I am new to signal processing. I am learning now about filtering and I am trying to implement high pass filter (HPF),and later band-pass filter (BPF). I implement the filters in Python 3.8 with NumPy and SciPy.

For the offline case (filtering a pre-recorded time) I designed a Butterworth high-pass filter, and applied on the signal at the time domain using signal.filtfilt function. However, as the documentation shows, this approach is good only for offline cases and not for real-time, since the filter scans the signal forward and then backwards. I can recover the frequency response from the filter using signal.freqz function.

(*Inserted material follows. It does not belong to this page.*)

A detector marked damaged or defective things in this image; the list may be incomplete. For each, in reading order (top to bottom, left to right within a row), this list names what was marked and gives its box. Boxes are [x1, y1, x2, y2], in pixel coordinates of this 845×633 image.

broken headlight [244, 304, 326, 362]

Now I want that this filter will work also in real-time (so it needs to be causal, and I ask if this possible for this type of filters. Here are my questions:

  1. If I understand correctly, Butterworth filters are IIR (infinite impulse response) filters. Is it true?
  2. Are IIR filter causal? It may be that all IIR filters are not causal and it may be that some are and some are not. What are the cases in which IIR filters are causal?
  3. Are Butterworth filters causal? If not always, in which case they are causal?
  4. If the answer to 3 is true, how to implement a causal Butterworth filter, both at the time domain and the frequency domain? (I can use SciPy functions such as signal.butter, signal.freqz etc.)

Relevant links:

Thank you.


2 Answers 2

  1. Yes, Butterworth are IIR. The decay from an impulse technically lasts forever.
  2. Yes, all [implementable] IIR are causal.
  3. Yes, because of #1 and #2.
  4. Don't use signal.filtfilt. Use signal.lfilter. filtfilt does the same thing as lfilter, except twice, in opposite directions, which changes a causal filter into a zero-phase filter.

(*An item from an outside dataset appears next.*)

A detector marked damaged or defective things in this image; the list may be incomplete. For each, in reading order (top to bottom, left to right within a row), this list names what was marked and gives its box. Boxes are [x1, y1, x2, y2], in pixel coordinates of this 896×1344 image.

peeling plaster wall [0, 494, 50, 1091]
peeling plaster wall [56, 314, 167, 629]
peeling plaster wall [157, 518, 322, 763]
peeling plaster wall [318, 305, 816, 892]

However, as the documentation for both of those functions suggests, for most practical use, you should actually use the SOS variants instead:

The function sosfilt (and filter design using output='sos') should be preferred over lfilter for most filtering tasks, as second-order sections have fewer numerical problems.

To summarize the functions:

  • lfilter: Causal single-stage filtering (low orders only)
  • filtfilt: Zero-phase single-stage filtering (low orders only)
  • sosfilt: Causal second-order sections filtering
  • sosfiltfilt: Zero-phase second-order sections filtering

Really the only reason to use lfilter or filtfilt is if your coefficients are already in b, a format, if you're implementing something out of a textbook, etc.

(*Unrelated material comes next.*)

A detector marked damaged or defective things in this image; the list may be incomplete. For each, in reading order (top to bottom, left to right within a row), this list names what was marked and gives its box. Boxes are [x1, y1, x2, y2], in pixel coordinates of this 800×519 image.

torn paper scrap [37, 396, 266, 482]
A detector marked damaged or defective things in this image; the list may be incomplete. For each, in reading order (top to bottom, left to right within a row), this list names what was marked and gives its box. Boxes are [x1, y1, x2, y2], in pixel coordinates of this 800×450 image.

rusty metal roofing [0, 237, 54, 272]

If you're designing the filter yourself, then just use SOS form, which reduces numerical error.

Note that the filtfilt functions apply the filter twice, so it will have double the order of the original filter.

  • 2
    $\begingroup$ 2.: all implementable IIR are causal. $\endgroup$ Commented Aug 19, 2020 at 13:51
  • $\begingroup$ @MarcusMüller What's a non-implementable filter? $\endgroup$
    – endolith
    Commented Aug 19, 2020 at 13:57
  • 3
    $\begingroup$ Marcus, actually one can implement non-causal IIR filter, but work with it in offline and not in real-time (e.g. filtering a WAV file). This is the case of zero-phase filter. $\endgroup$ Commented Aug 19, 2020 at 15:21
  • 4
    $\begingroup$ @Triceratops: You can TRY to make a non-causal filter causal by applying sufficient amount of bulk delay. That's what non-real processing does. Today you are processing samples which were generated yesterday. You are using some of this delay in your processing. However, for IIR that can only be done approximately since the non-causality is infinite, you technically need infinite amount of bulk delay so you need to truncate at some point. In practice, the truncation error becomes very small quickly, so it's not much of a problem, but it's never error free. $\endgroup$
    – Hilmar
    Commented Aug 20, 2020 at 7:57
  • 1
    $\begingroup$ @endolith I can design a Butterworth filter, obtain its frequency response, taking abs value and obtain a zero-phase filter, which by theory is non-causal. Then I use it as a regular frequency filter. $\endgroup$ Commented Aug 20, 2020 at 15:31

Are IIR filter causal? It may be that all IIR filters are not causal and it may be that some are and some are not. What are the cases in which IIR filters are causal?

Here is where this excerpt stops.